> [What the task asks]: Each and every line below goes into your answer unchanged, but leave out the images.

> [Information supplied]:

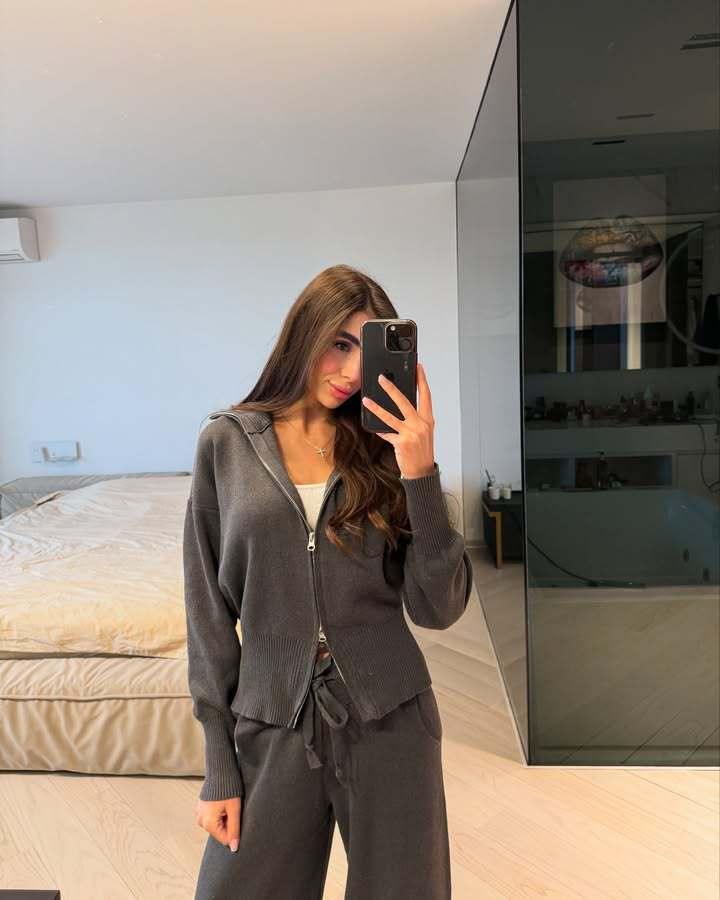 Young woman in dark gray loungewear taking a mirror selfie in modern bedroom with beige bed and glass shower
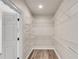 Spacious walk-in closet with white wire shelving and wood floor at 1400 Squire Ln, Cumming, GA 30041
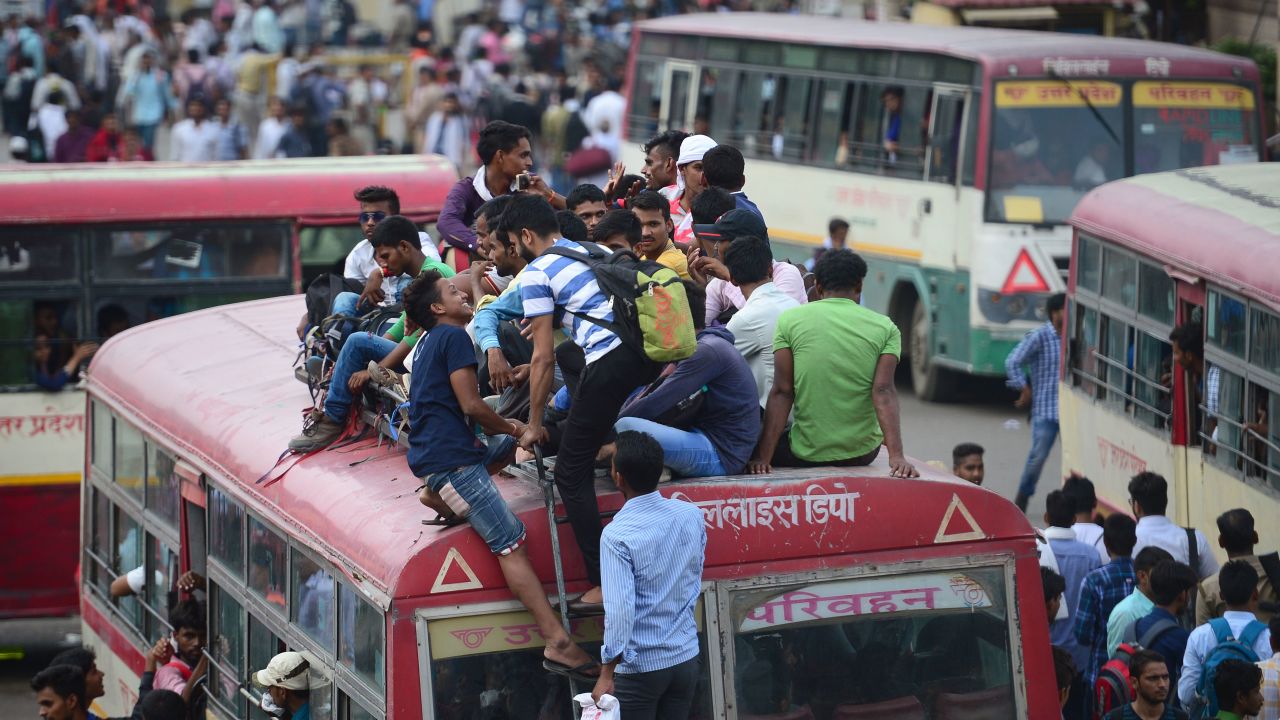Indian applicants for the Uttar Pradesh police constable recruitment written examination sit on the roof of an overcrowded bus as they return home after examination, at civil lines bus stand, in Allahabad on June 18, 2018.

> [Answer box]:
 Young woman in dark gray loungewear taking a mirror selfie in modern bedroom with beige bed and glass shower
 Spacious walk-in closet with white wire shelving and wood floor at 1400 Squire Ln, Cumming, GA 30041
Indian applicants for the Uttar Pradesh police constable recruitment written examination sit on the roof of an overcrowded bus as they return home after examination, at civil lines bus stand, in Allahabad on June 18, 2018.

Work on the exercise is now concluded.